⟨
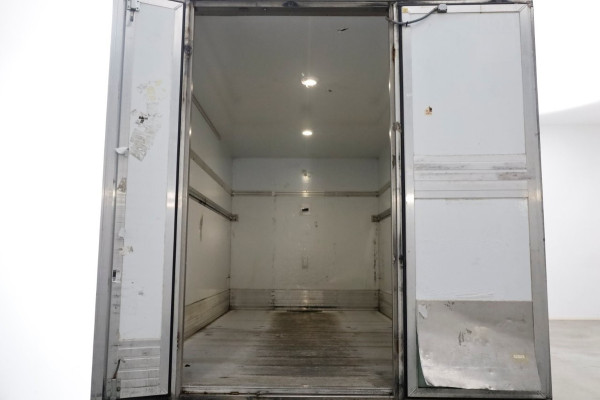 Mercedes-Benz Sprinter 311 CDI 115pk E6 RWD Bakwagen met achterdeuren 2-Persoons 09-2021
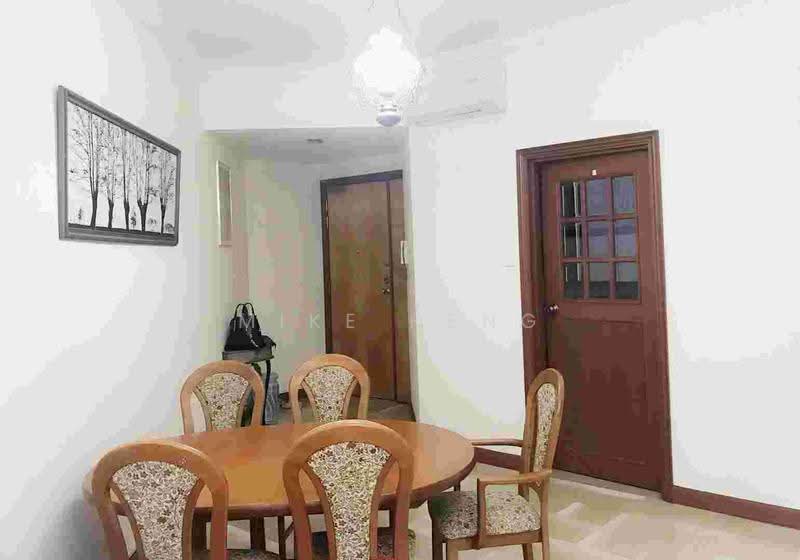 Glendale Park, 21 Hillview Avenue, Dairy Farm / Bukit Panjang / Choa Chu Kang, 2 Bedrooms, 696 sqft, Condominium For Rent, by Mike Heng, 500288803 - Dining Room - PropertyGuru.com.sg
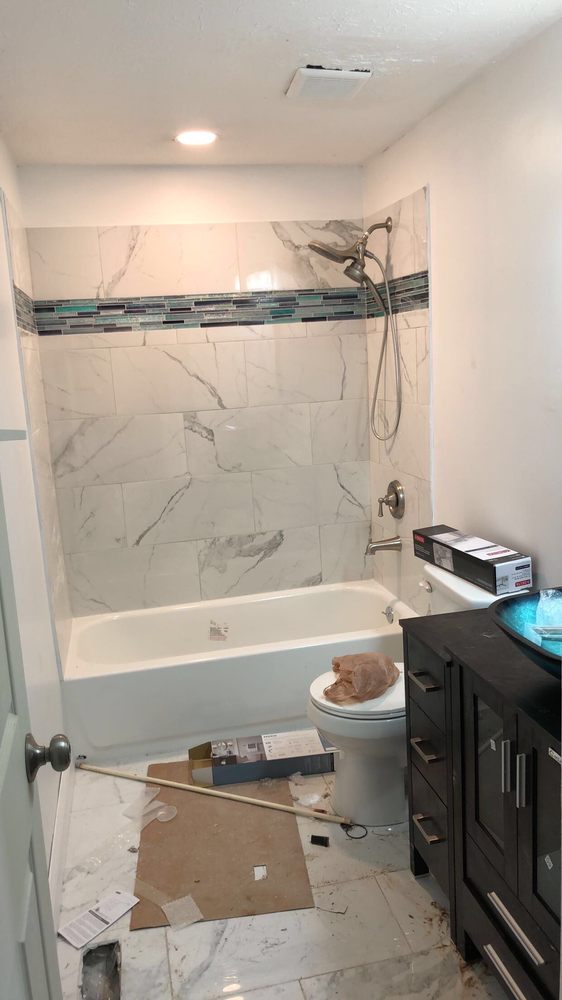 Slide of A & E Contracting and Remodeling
⟩
⟨
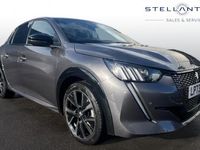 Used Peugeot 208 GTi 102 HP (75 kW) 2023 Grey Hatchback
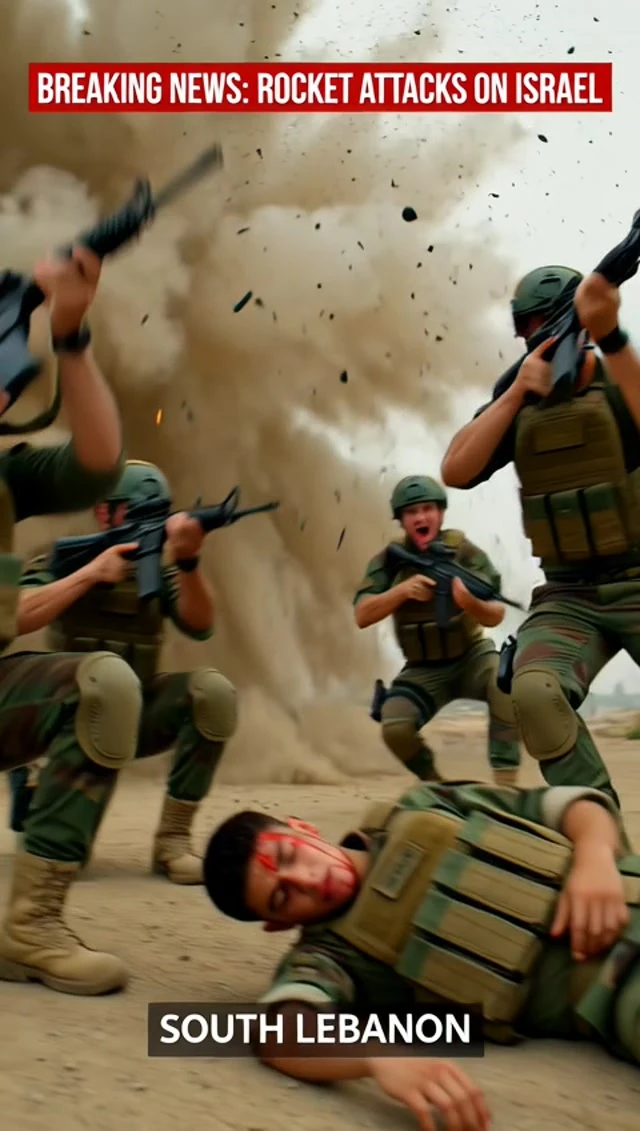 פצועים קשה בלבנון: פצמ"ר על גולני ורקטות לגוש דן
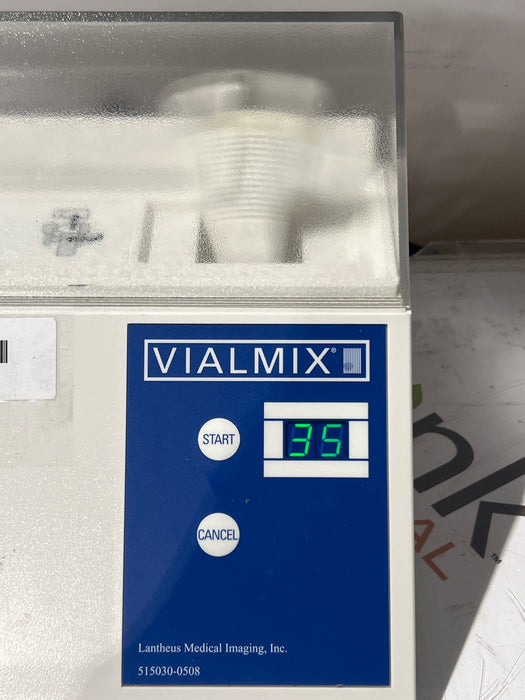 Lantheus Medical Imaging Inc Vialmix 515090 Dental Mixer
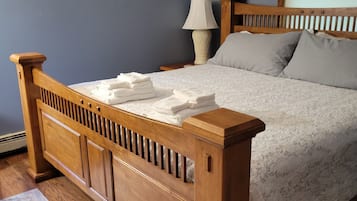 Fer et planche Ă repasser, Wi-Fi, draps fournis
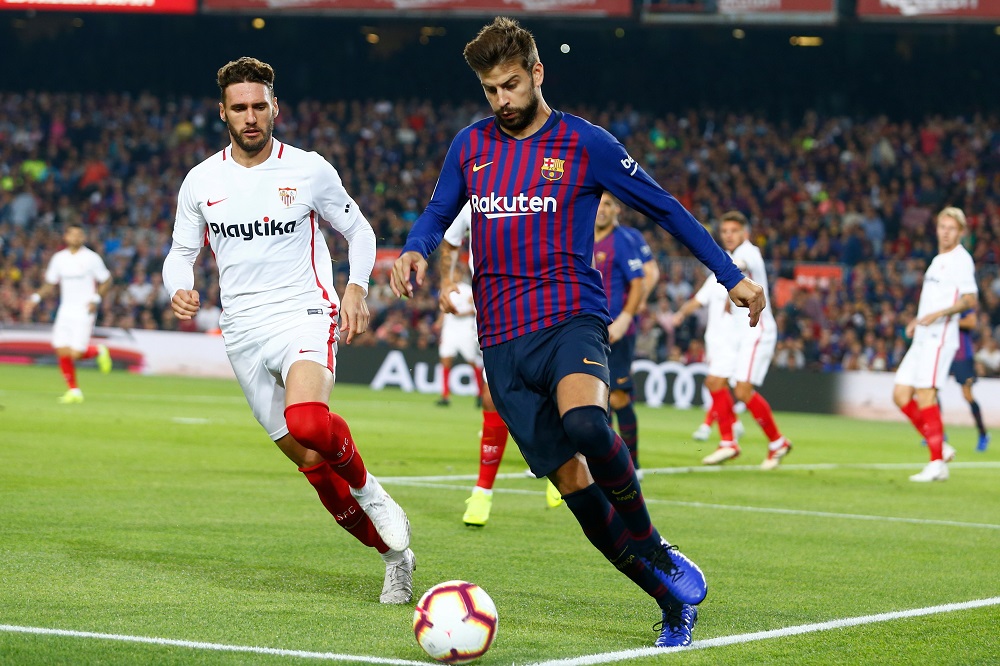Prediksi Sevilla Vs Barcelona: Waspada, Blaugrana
⟩
⟨
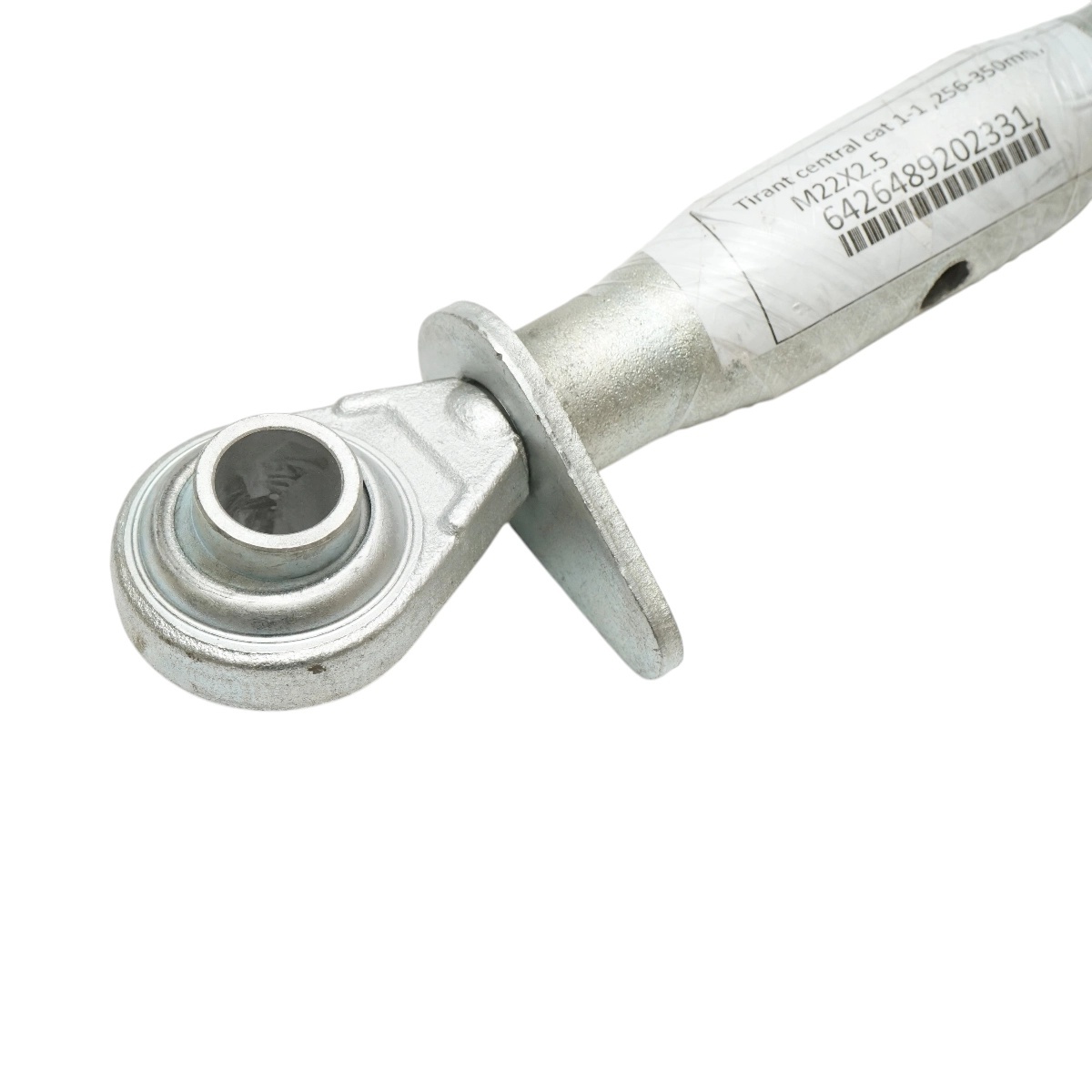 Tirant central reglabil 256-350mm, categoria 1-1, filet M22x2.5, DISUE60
⟩
What to produce: Using the entries above, repeat exactly the lines from the one with "Used Peugeot 208" to the one with "Prediksi Sevilla Vs", both included, and leave the pictures behind.

Response for this exercise:
 Used Peugeot 208 GTi 102 HP (75 kW) 2023 Grey Hatchback
 פצועים קשה בלבנון: פצמ"ר על גולני ורקטות לגוש דן
 Lantheus Medical Imaging Inc Vialmix 515090 Dental Mixer
 Fer et planche Ă repasser, Wi-Fi, draps fournis
Prediksi Sevilla Vs Barcelona: Waspada, Blaugrana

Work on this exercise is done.